Changing the Schema of a System-Versioned Temporal Table
Use the ALTER TABLE statement to add, alter or remove a column.
Here are some examples that change the schema of temporal table.
ALTER TABLE dbo.Department ALTER COLUMN DeptName varchar(100); ALTER TABLE dbo.Department ADD WebAddress nvarchar(255) NOT NULL CONSTRAINT DF_WebAddress DEFAULT 'www.mycompany.com'; ALTER TABLE dbo.Department ADD TempColumn INT; GO ALTER TABLE dbo.Department DROP COLUMN TempColumn; /* Setting IsHidden property for period columns. Use ALTER COLUMN <period_column> DROP HIDDEN to clear IsHidden flag */ ALTER TABLE dbo.Department ALTER COLUMN SysStartTime ADD HIDDEN; ALTER TABLE dbo.Department ALTER COLUMN SysEndTime ADD HIDDEN;
CONTROL permission on current and history tables is required to change schema of temporal table.

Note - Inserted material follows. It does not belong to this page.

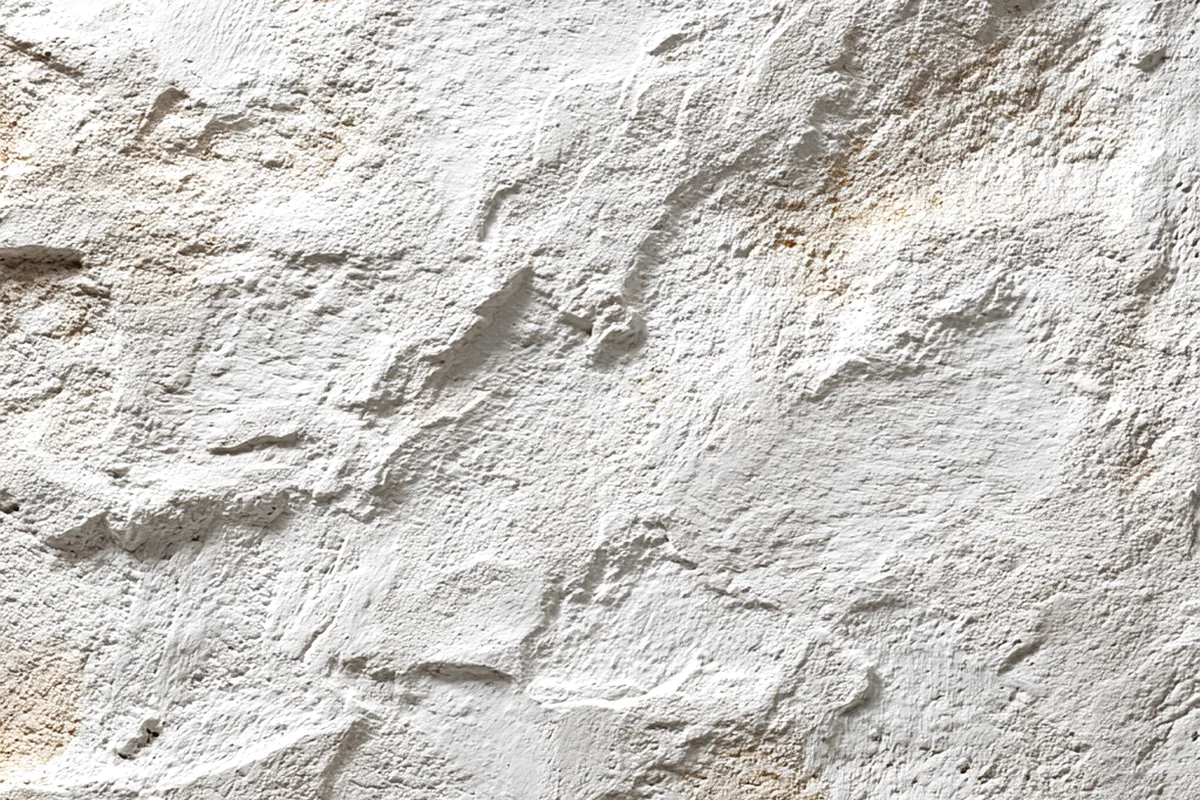 3. Whitewashed Walls & Stucco Textures: The Classic Backdrop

During an ALTER TABLE operation, the system holds a schema lock on both tables.
Specified schema change is propagated to history table appropriately (depending on type of change).
If you add a non-nullable column or alter existing column to become non-nullable, you must specify the default value for existing rows. The system will generate an additional default with the same value and apply it to the history table. Adding DEFAULT to a non-empty table is a size of data operation on all editions other than SQL Server Enterprise Edition (on which it is a metadata operation).

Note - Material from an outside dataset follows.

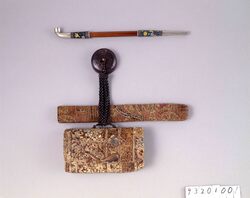 彩革提げたばこ入れ並びに煙管 / Colored Leather Tobacco Pouch, with Netsuke and Pipe Case, Sagara Embroidery Pipe Case and Shippo (Cloisonne) Pipe image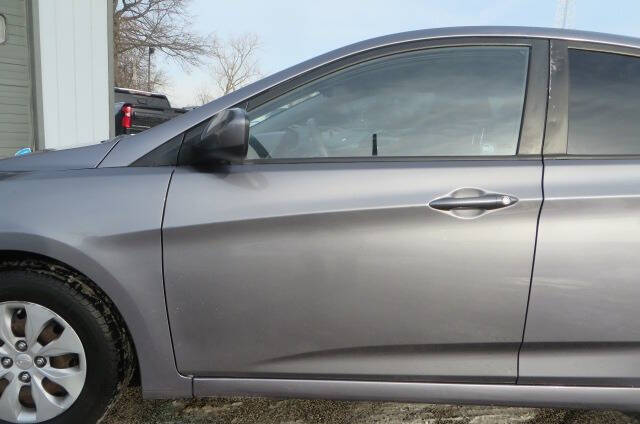 2016 Hyundai Accent SE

Adding varchar(max), nvarchar(max), varbinary(max) or XML columns with defaults will be an update data operation on all editions of SQL Server.
If row size after column addition exceeds the row size limit, new columns cannot be added online.
Once you extend a table with a new NOT NULL column, consider dropping default constraint on the history table as all columns in that table are automatically populated by the system.
Online option (WITH (ONLINE = ON) has no effect on ALTER TABLE ALTER COLUMN in case of system-versioned temporal table. ALTER column is not performed as online regardless of which value was specified for ONLINE option.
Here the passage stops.